1. Vollstreckbarkeit

Obwohl die Schweiz nicht in der EU ist, können deutsche rechtskräftige Urteile in der Schweiz vollstreckt werden, wenn die Schuldner ihren Wohnsitz in der Schweiz haben. Die Vollstreckung – „Betreibung“ im Schweizer Recht – ist aufgrund des (rev.) Lugano-Abkommens, revLugÜ (mit Wirkung für die Schweiz ab 1. Januar 2011) möglich und richtet sich nach dem Schweizerischen Schuldbeitreibungs- und Konkursgesetz, SchKG.

Für Urteile vor dem Januar 2011 kommt das alte Lugano-Übereinkommen zur Anwendung, das für die Schweiz ab 1. Januar 1992 in Kraft ist.
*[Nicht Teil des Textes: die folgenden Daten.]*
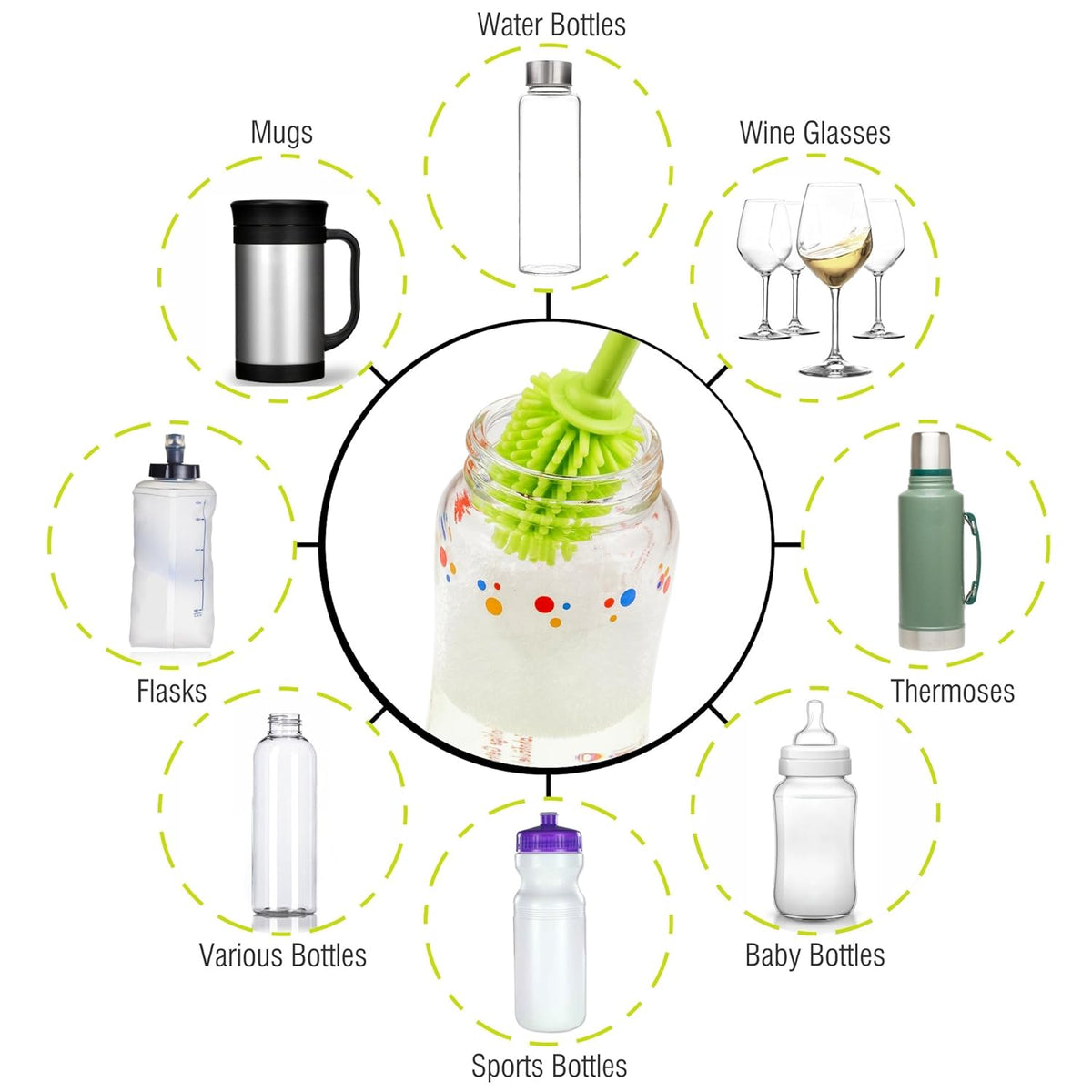 A-Brush Silicone Bottle Cleaner Brush, 2 Piece Set, Flexible, Long Handle - Water Bottle Cleaner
Die Besonderheit der Betreibung in der Schweiz besteht darin, dass in der Regel in einem gerichtlichen summarischen Verfahren (also verkürzt) von dem zuständigen Schweizer Zivilgericht die Vollstreckbarkeit des Urteils rechtskräftig festgestellt werden muss. Diesem Verfahren geht der Antrag auf einen Zahlungsbefehl (ähnlich wie ein deutscher Mahnbescheid) voraus, gegen den der Schuldner ohne Begründung Rechtsmittel einlegen kann.

2. Voraussetzungen

Für dieses summarische Verfahren auf Rechtsöffnung (Vollstreckbarkeit des Zahlungsbefehls) ist es notwendig, dass der ausländische Antragsteller einen Zustellungsbevollmächtigten in der Schweiz benennen muss, in der Regel einen Rechtsanwalt. Dem Antrag auf Rechtsöffnung muss das deutsche Urteil im Original oder in einer beglaubigten Ausfertigung beigelegt werden, sowie eine Erklärung gemäß Anhang V des Lugano-Abkommens, Artikel 54 rev LugÜ. Diese Erklärung Anhang V muss von der zuständigen Geschäftsstelle der Kammer des Gerichtes ausgefertigt werden, die das Urteil erlassen hat. Häufig ist den Geschäftsstellen diese Bescheinigung unbekannt, sodass der Kontakt zu dem jeweiligen Rechtspfleger des Landgerichtes gesucht werden sollte, der für die Auslandsangelegenheiten zuständig ist.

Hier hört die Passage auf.